SUPPLIED DATA:
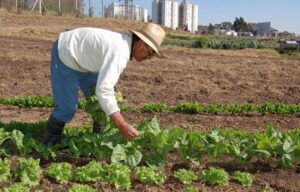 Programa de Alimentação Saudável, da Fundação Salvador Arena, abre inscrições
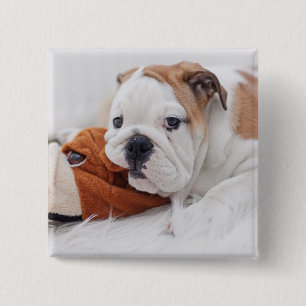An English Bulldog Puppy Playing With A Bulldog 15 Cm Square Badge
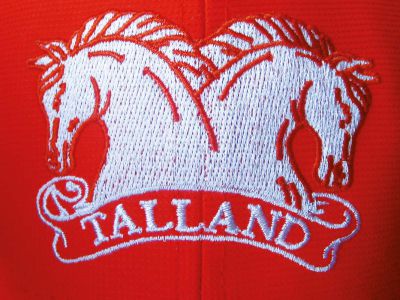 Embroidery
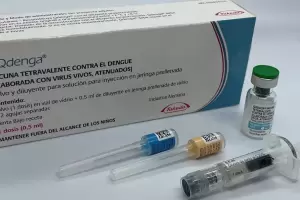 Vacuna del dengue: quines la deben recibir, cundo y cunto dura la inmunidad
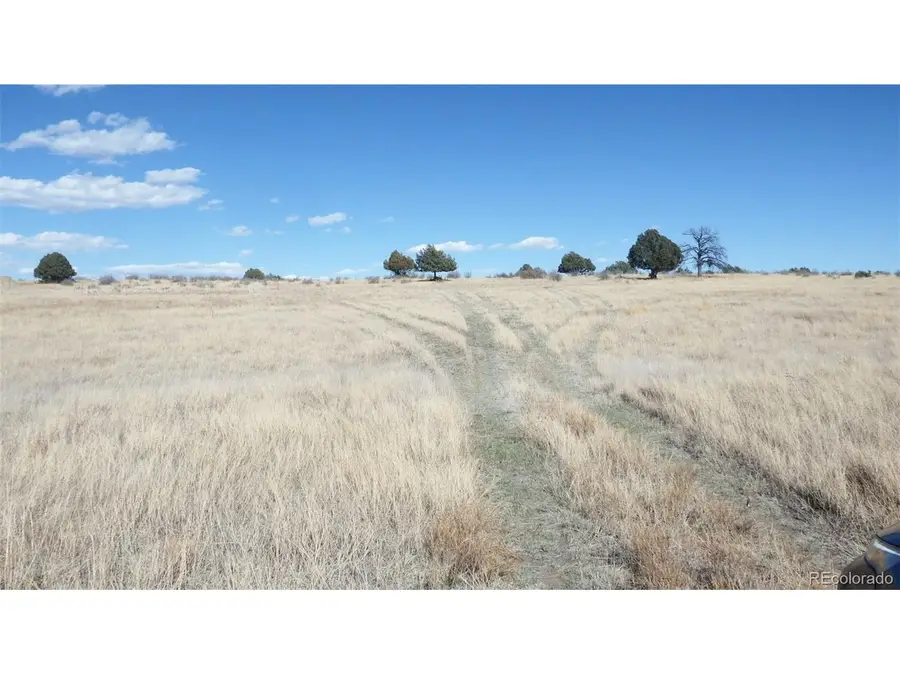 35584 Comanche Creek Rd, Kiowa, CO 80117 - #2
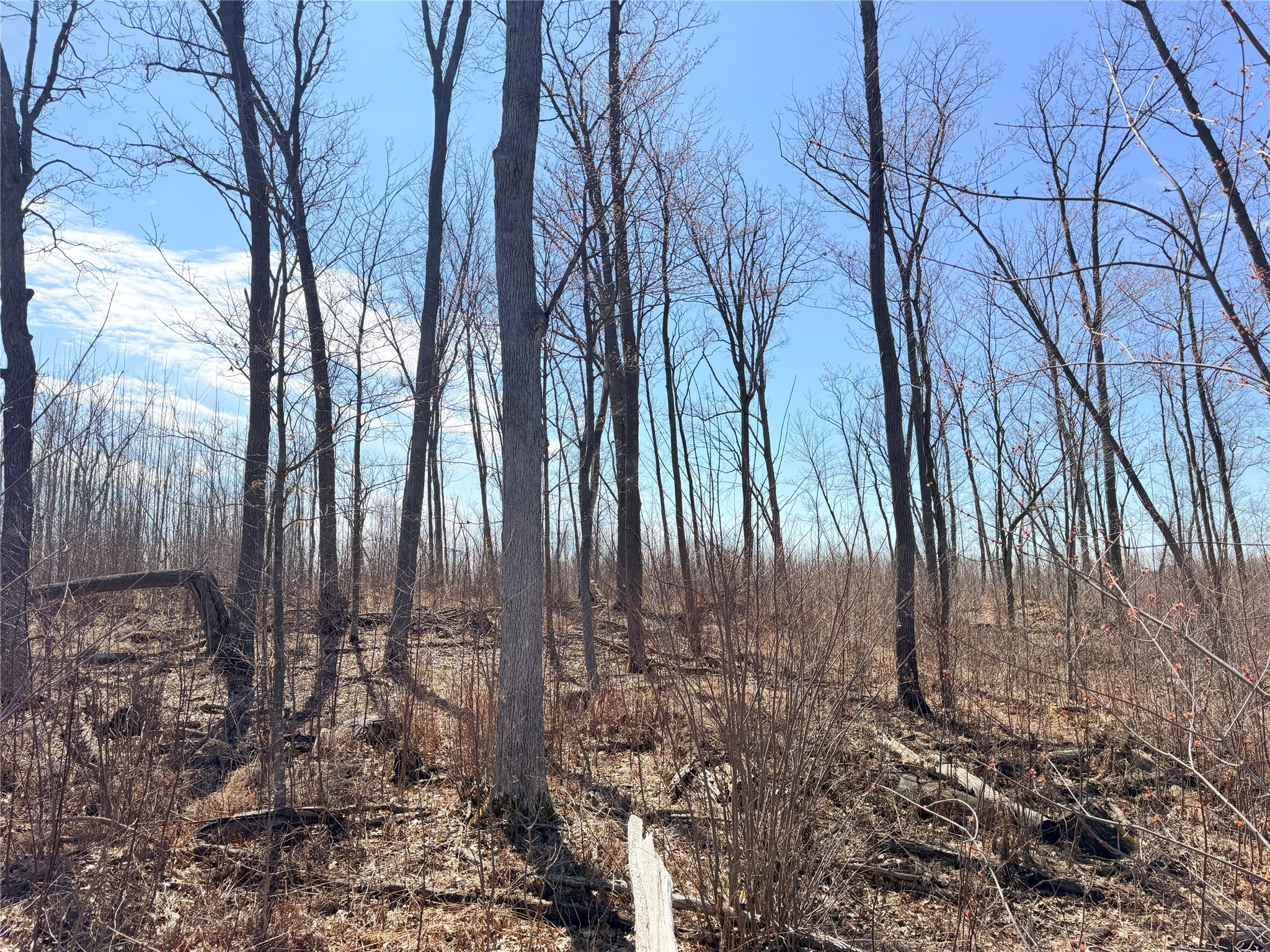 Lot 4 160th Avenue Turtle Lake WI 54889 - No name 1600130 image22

TASK INSTRUCTIONS:
Nothing but the listing, copied exactly and stripped of its images, should appear in the response.

RESULT OF THIS EXERCISE:
 Programa de Alimentação Saudável, da Fundação Salvador Arena, abre inscrições
An English Bulldog Puppy Playing With A Bulldog 15 Cm Square Badge
 Embroidery
 Vacuna del dengue: quines la deben recibir, cundo y cunto dura la inmunidad
 35584 Comanche Creek Rd, Kiowa, CO 80117 - #2
 Lot 4 160th Avenue Turtle Lake WI 54889 - No name 1600130 image22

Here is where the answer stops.